90s: 100 songs of the 1990s!

90s: 100 songs of the 1990s!

Compiling a list is very High Fidelity isn’t it? The music nerd in all of us is often mentally compiling one. But in reality ranking music can be more like trying to dance to architecture – more than a little clunky. This list is entirely subjective and in no way definitive. Some of these choices are based upon fond remembrance; others for their impact and influence; and some were even discovered after the whole decade bid us farewell. You will disagree so embrace it and tell me your favourite 90s songs!

I utilised the mediums of Spotify and Youtube to trawl for the artists and tracks that filled our TV screens on TFI, The Word and that indie bit of the chart show; tunes that blared out of the radio during shows like the Evening session, Mark and Lard, and of course John Peel throughout the 90s.

I made only one rule: one song per artist. It makes you focus on which song meant the most to you or reflects the artist and sound of the period.

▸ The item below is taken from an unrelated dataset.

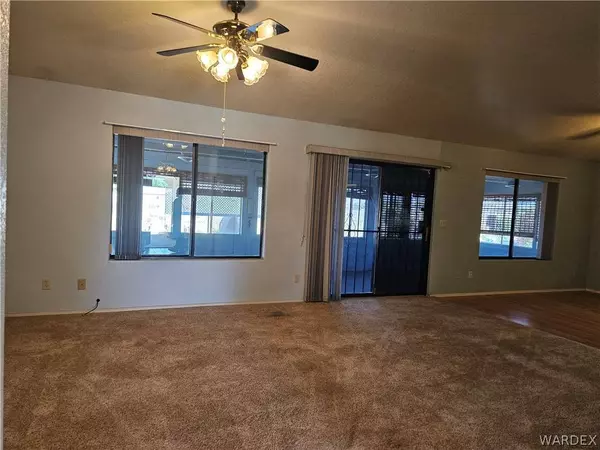 3684 N Roosevelt ST, Kingman, AZ 86409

1. Mcalmont & Butler – Yes

In 1994 guitarist Bernard Butler left Suede in acrimonious circumstances, finding creative solace in the bosom of David Mcalmont who had become similarly disenfranchised with the music business after numerous label wrangles. They formed a brief yet successful partnership and their finest moment came first and to glorious affect on their debut single ‘Yes’ that hit no 8 in the charts.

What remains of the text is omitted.